The explanation is in the answer here.

In a nutshell, there aren’t \(n\) \(X_i\) independently distributed random variables corresponding to the different observations, each one following a \(\chi^2\) distribution when squared (\(\small(X-\bar X)^2\)). In fact there are only \(n-1\) because of the insertion of the \(\bar X\) in the mix.

First let’s recapute equation (1) by multiplying by \(\frac{\sigma}{\sigma}\) the Z-statistic \(\Large \frac{\bar X - \mu}{\frac{\sigma}{\sqrt{n}}}\):

\(\Large t= \frac{\bar{X}-\mu}{S/\sqrt{n}}=\frac{\frac{\bar{X}-\mu}{\sigma/\sqrt{n}}}{\sqrt{S^2/\sigma^2}} = \frac{Z}{\sqrt{\frac{\sum(X_i-\bar X)^2}{(n-1)\,\sigma^2}}} \small \tag1\)

In the above expression, \((\bar{X}-\mu)/(\mu/\sqrt{n})\,\,\sim \,\,N(0,1)\)

and \(\sqrt{S^2/\sigma^2} =\sqrt{ \frac{\sum_{x=1}^n(X - \bar{X})^2}{n-1}/\sigma^2} \,\,\sim \,\,\sqrt{\chi_{(n-1)}^2/(n-1)}\).

Assigning \(U = (\bar{X}-\mu)/(\mu/\sqrt{n})\) and \(V=\sqrt{S^2/\sigma^2}\), characterized as \(U \sim N(0,1)\) and \(V \sim \chi_k^2\), expression 1 becomes \(U/\sqrt{V/k}\).

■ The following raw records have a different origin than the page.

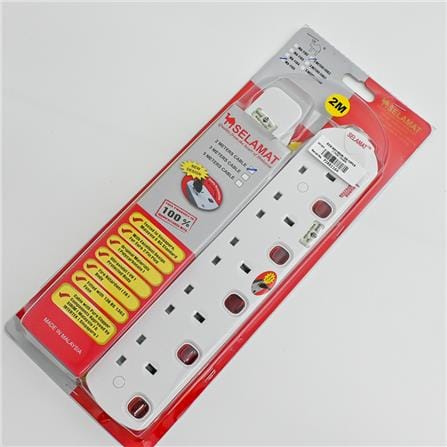 SELAMAT 5 GANG 2 METER EXTENSION WITH NEON&SURGE MA1185-2M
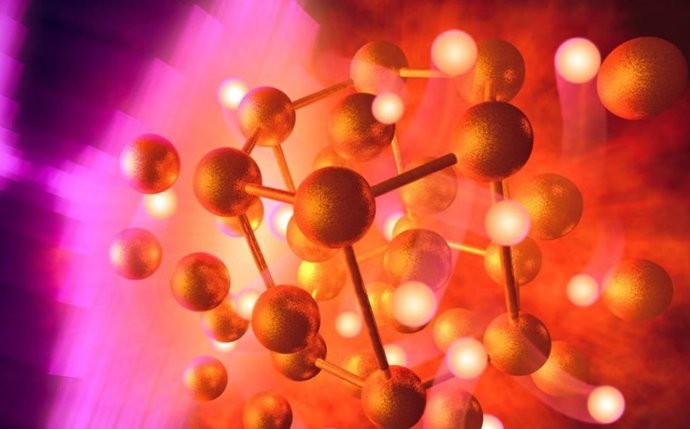 Ilustración de pulsos intensos de un láser de electrones libres de rayos X (izquierda) que calienta muestras comprimidas de hidrocarburos a condiciones extremas, lo que da como resultado la reacción del oro e hidrógeno para formar hidruro de oro (centro)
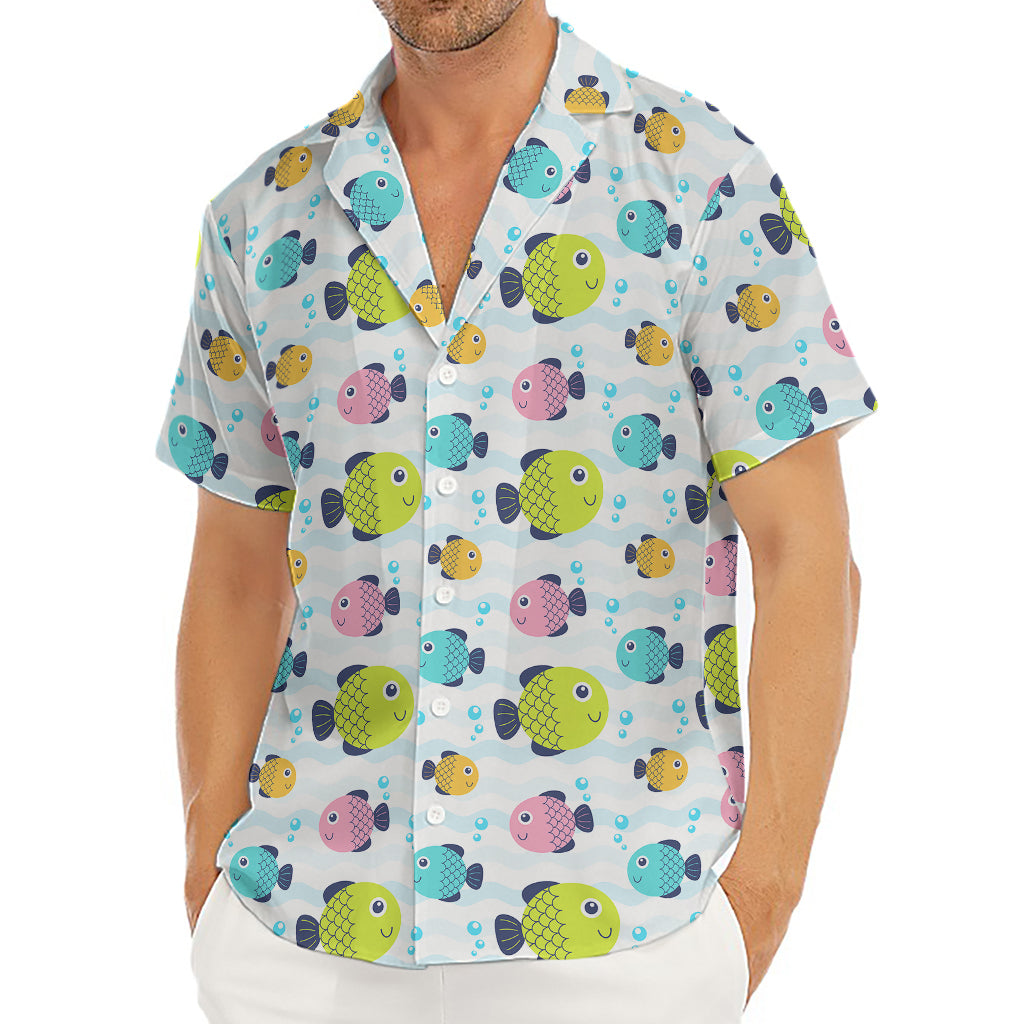 Cartoon Fish Pattern Print Men's Deep V-Neck Shirt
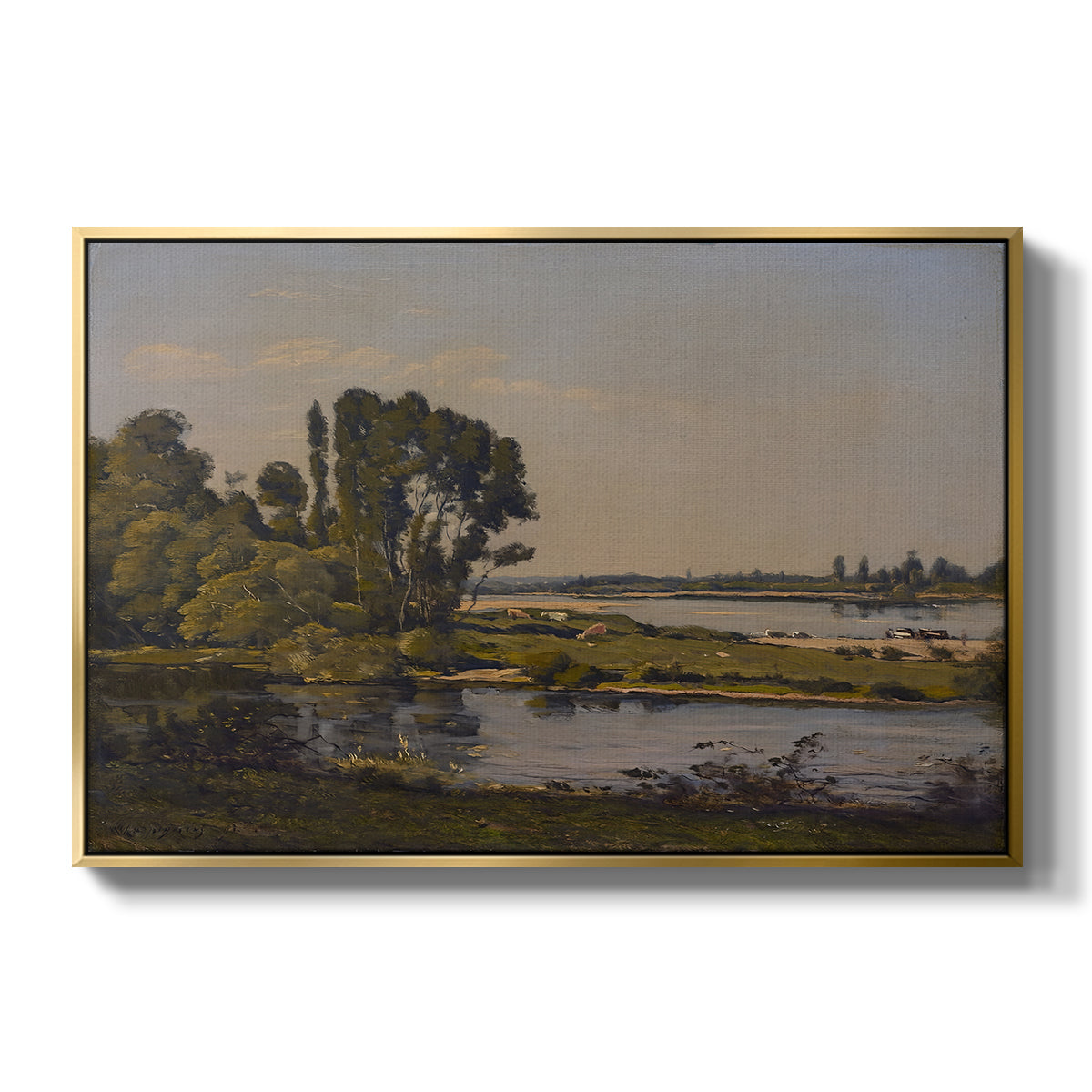 Landscape with a River, 1892 - Floater Framed Canvas Print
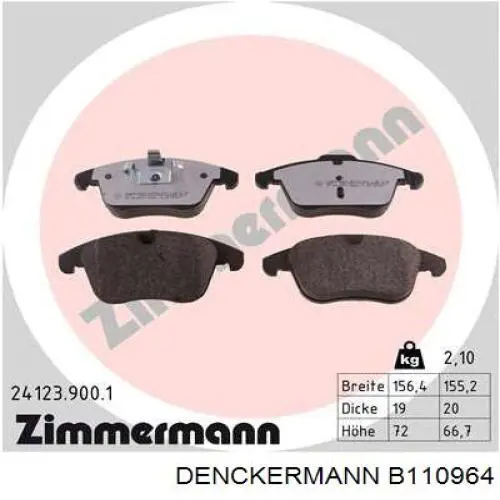 Колодки Denckermann B110964 цена, от 35.12 USD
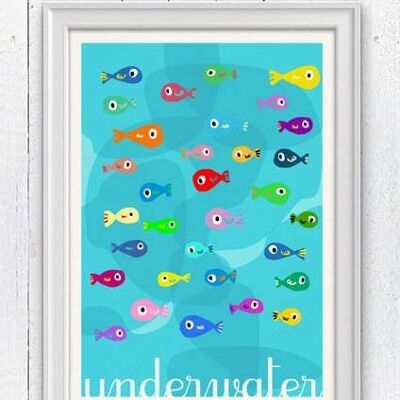 Little fishes sea life - A5 White 5.8x8.2 (No Hanger)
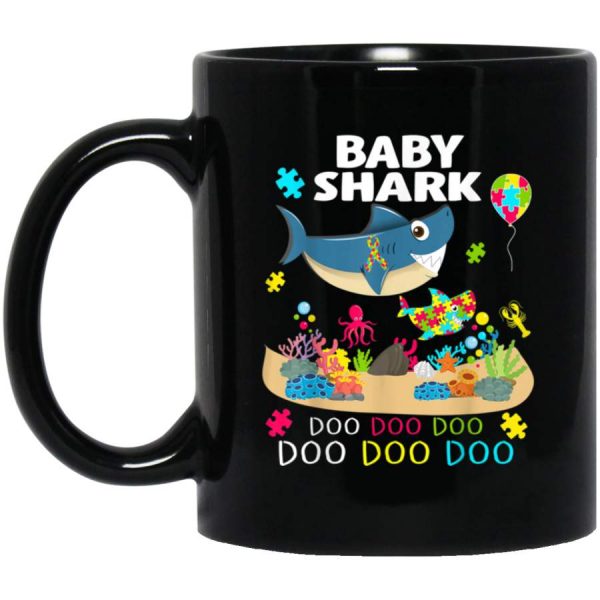 Baby Autism Shark Funny Black Coffee Mug Autism Awareness Cups Gifts For Son Daughter Ht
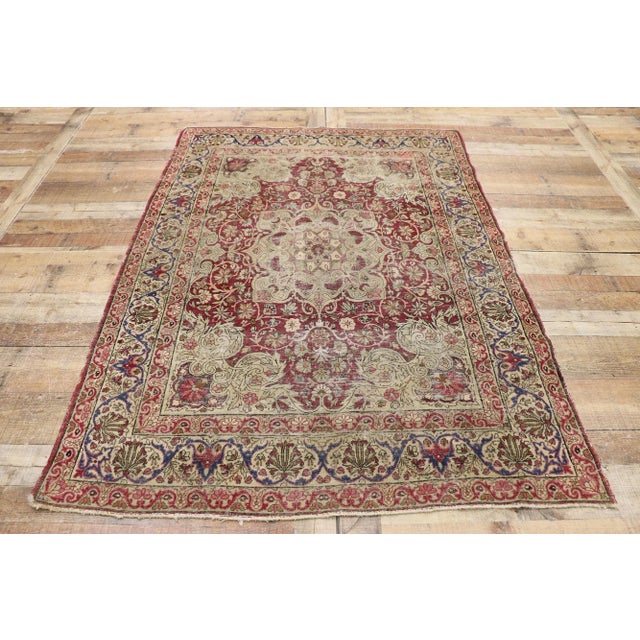 Textile Antique Persian Kerman Rug - 04'05 x 06'08 For Sale - Image 7 of 10
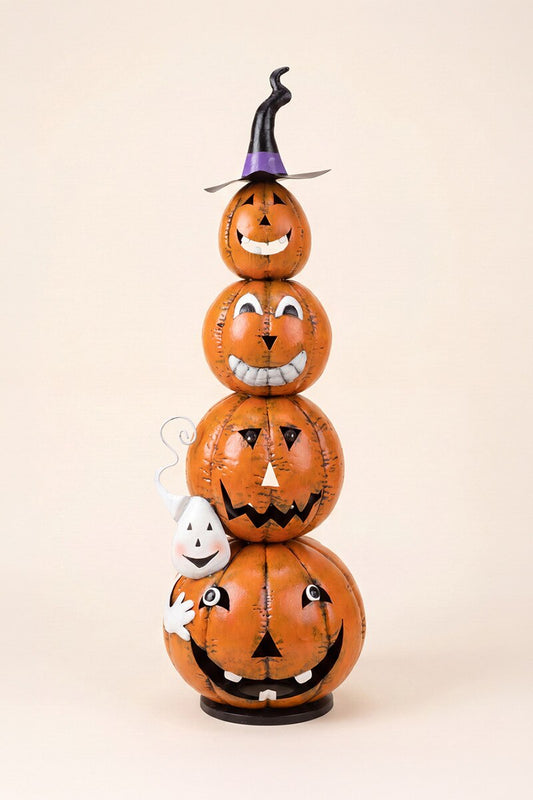 Painted Metal Stack of 4 Jack-O-Lanterns with Witch Hat Luminary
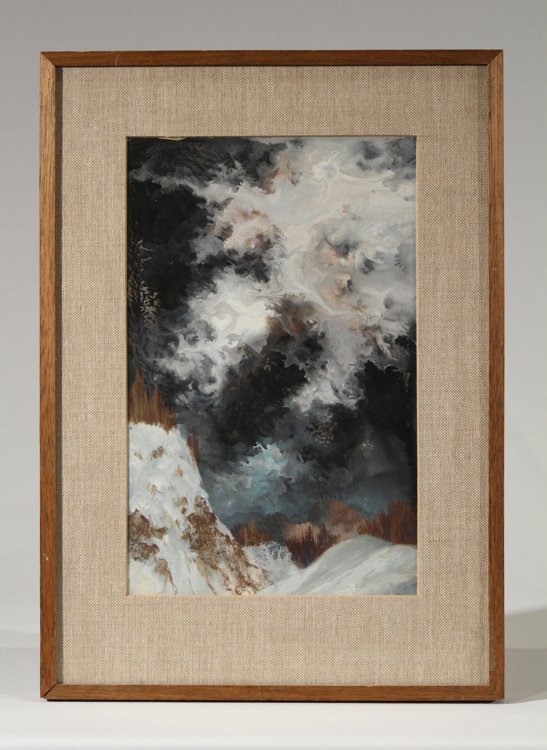 Magic Realist Landscape PAUL GORKA Early Gouache: Details: This alluring magical realist landscape gouache painting on board was executed by the noted American modernist Paul Gorka circa 1965. Evoking snowy hills and an approaching ice storm, this ea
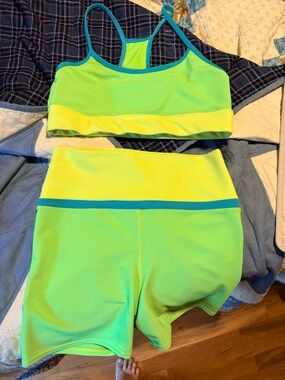 LainSnow Neon Lime & Teal Two-Piece Swim Set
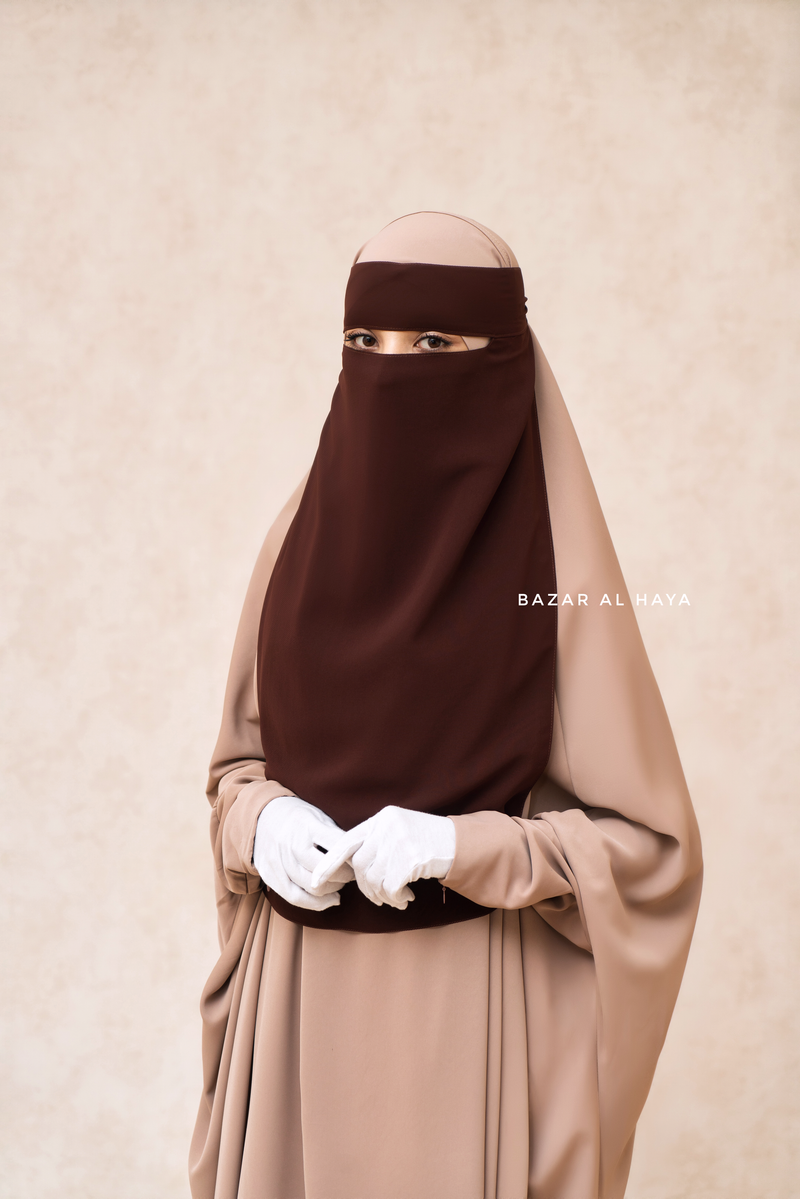 Brown Single Layer Niqab - Super Breathable - Medium & Large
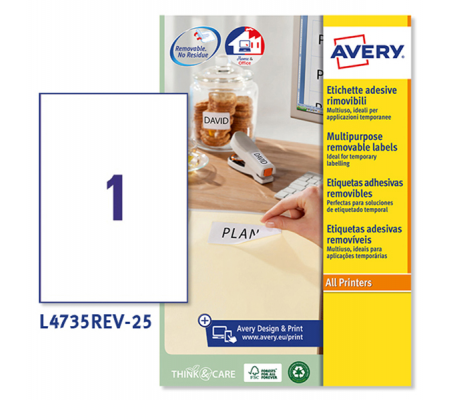 Etichetta adesiva L4735REV - rimovibile - 210 x 297 mm - 1 etichetta per foglio - bianco - conf. 25 fogli A4 - Avery - L4735REV-25 - 3266550132395 - DMwebShop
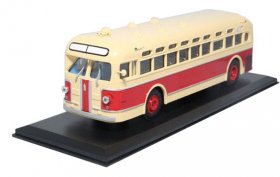 1:43 Scale Beige-Red Die-Cast Soviet Union ZIS 154 Bus Model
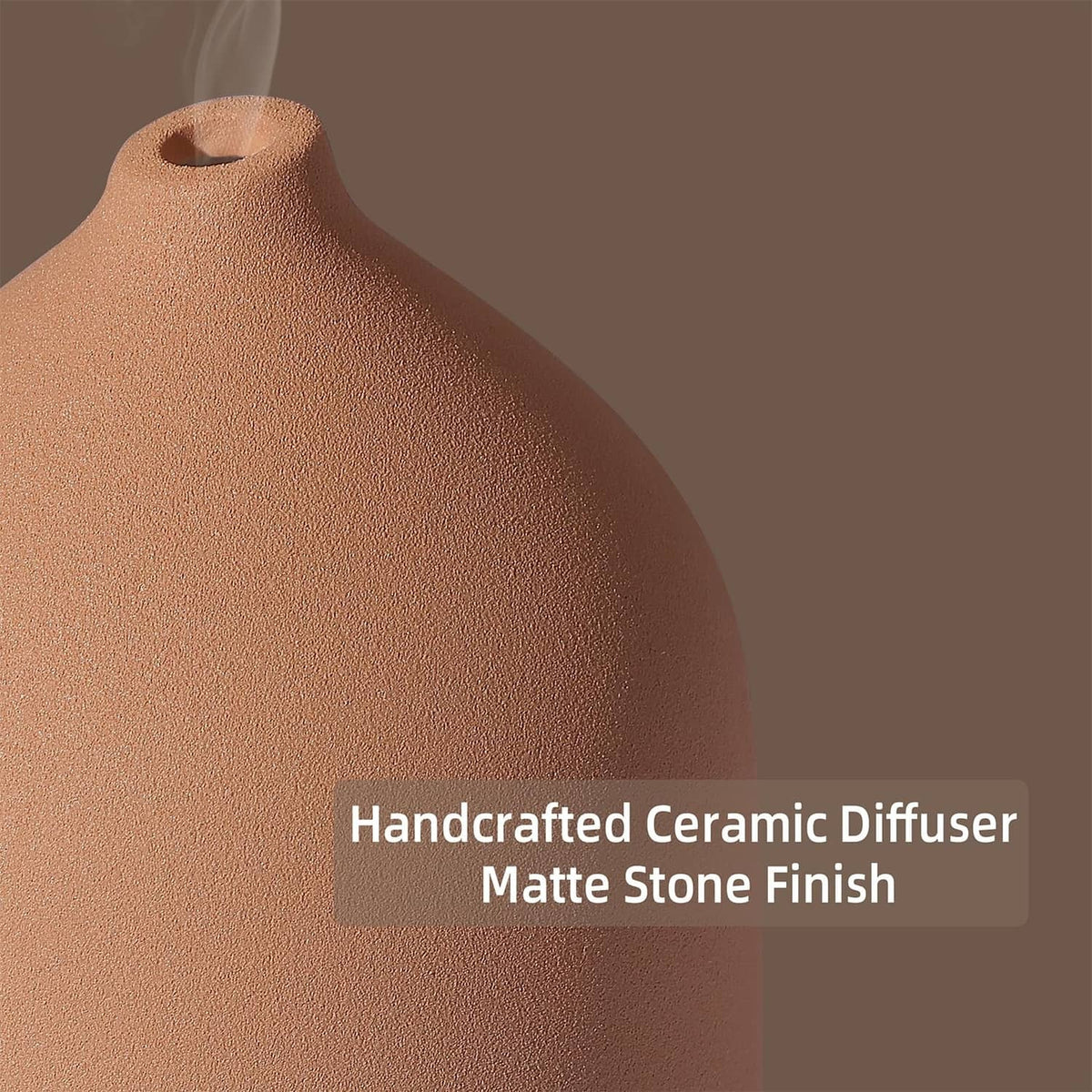 Gooamp ceramic essential oil diffuser, matte stone brown texture, rounded top opening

With the premise of independence, the joint density is:

\(\Large f_{U,V}(u,v) = \frac{1}{(2\pi)^{1/2}} e^{-u^2/2} \frac{1}{\Gamma(\frac{k}{2})\,2^{k/2}}\,v^{(k/2)-1}\, e^{-v/2}\) with \(-\infty<u<\infty\) and \(0<v<\infty\).

Making the transformation \(\Large t=\frac{u}{\sqrt{v/k}}\) and \(\Large w=v\), (hence, \(\Large u=t\,(\frac{w}{k})^{1/2}\)), and with \(\Large (w/k)^{1/2}\) as the Jacobian, the marginal pdf will be:

\(\large f_T(t) = \int_0^\infty \,f_{U,V}\bigg(t\,(\frac{w}{k})^{1/2},w\bigg)(w/k)^{1/2}dw\)

\(=\Large \frac{1}{(2\pi)^{1/2}}\frac{1}{\Gamma(\frac{k}{2})2^{k/2}}\, \int_0^\infty\, e^{-\frac{\bigg(t(\frac{w}{k})^{1/2}\bigg)^2}{2}} w^{(k/2)-1} e^{-(\frac{w}{2})} \frac{w^{1/2}}{k^{1/2}}\,dw\)

\(=\Large \frac{1}{(2\pi)^{1/2}}\frac{1}{\Gamma(\frac{k}{2})2^{k/2}k^{1/2}}\, \Large \int_0^\infty\, w^{((k+1)/2)-1}\, e^{-(1/2)(1 + t^2/k)w} \,dw\)

The next step entails identifying in the previous equation the kernel of a gamma distribution pdf:

\(\Large x^{\alpha-1}\,e^{x\,\lambda}\)

with parameters \(\large (\alpha=(k+1)/2,\,\lambda=(1/2)(1+t^2/k))\).

The generic pdf for the gamma distribution is,

\(\Large \frac{\lambda^\alpha}{\Gamma(\alpha)}\,x^{\alpha-1}\,e^{x\,\lambda}\)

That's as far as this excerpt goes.